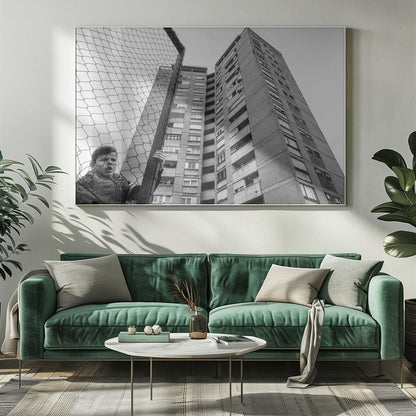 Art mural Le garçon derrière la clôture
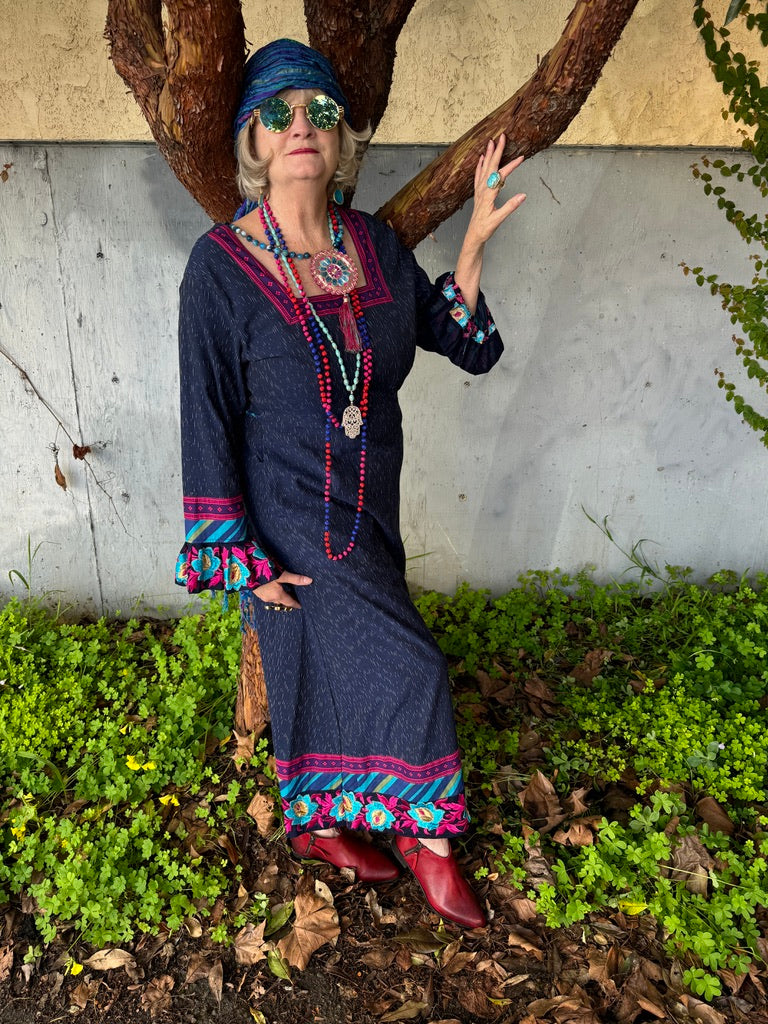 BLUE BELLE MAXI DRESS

...

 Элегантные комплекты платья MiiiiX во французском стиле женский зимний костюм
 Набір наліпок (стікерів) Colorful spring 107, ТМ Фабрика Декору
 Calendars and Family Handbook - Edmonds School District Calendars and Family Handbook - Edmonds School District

--

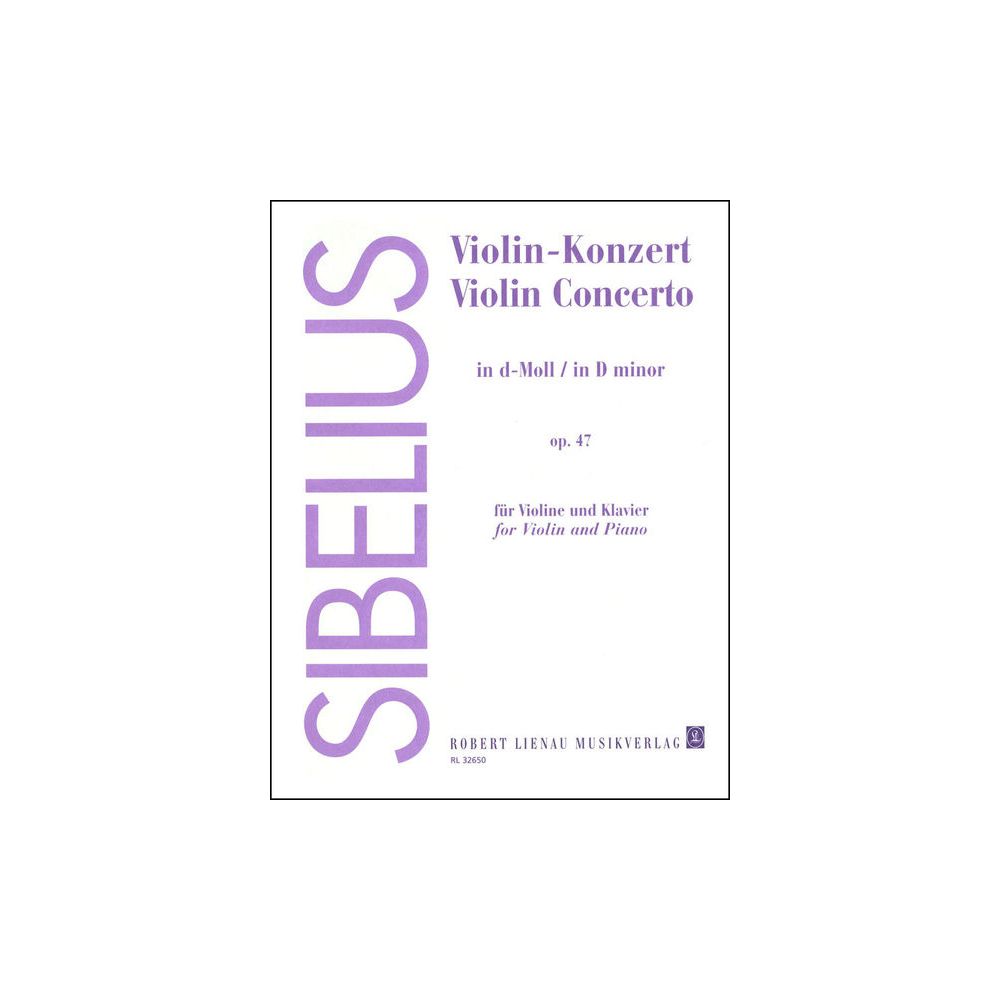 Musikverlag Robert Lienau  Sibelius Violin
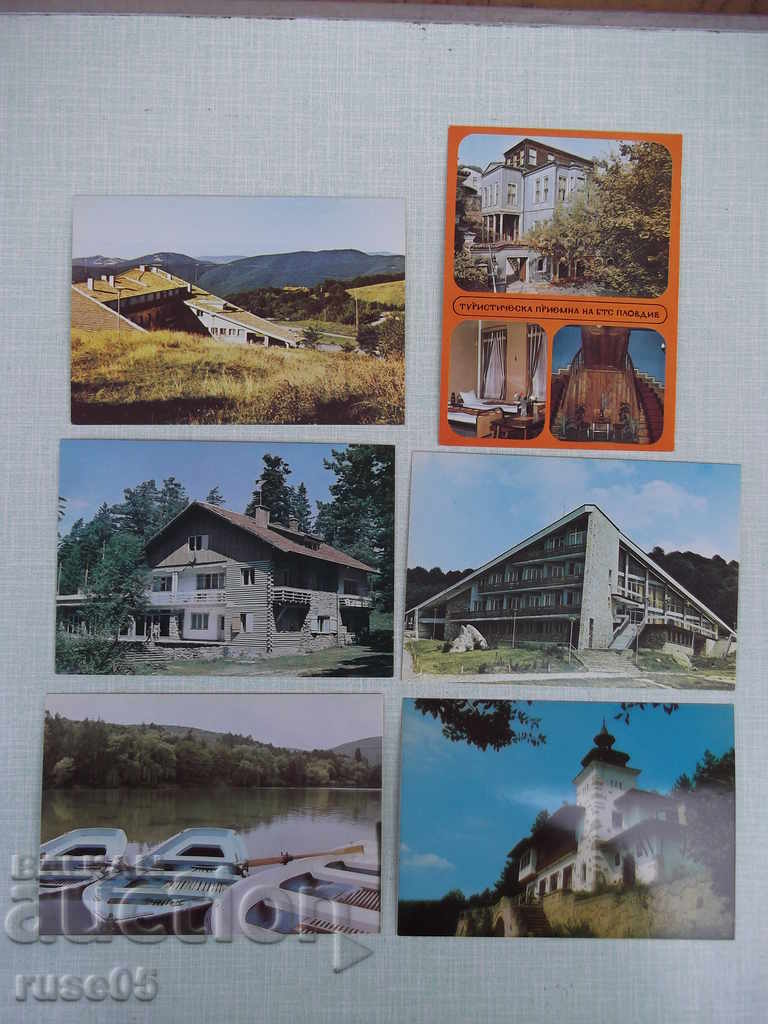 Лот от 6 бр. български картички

- _BRIEF_
Give back exactly the lines above starting at the line where "Набір наліпок (стікерів)" appears and ending at the line where "School District Calendars" appears, both included, with no other lines.

- _ANSWER SECTION_
 Набір наліпок (стікерів) Colorful spring 107, ТМ Фабрика Декору
 Calendars and Family Handbook - Edmonds School District Calendars and Family Handbook - Edmonds School District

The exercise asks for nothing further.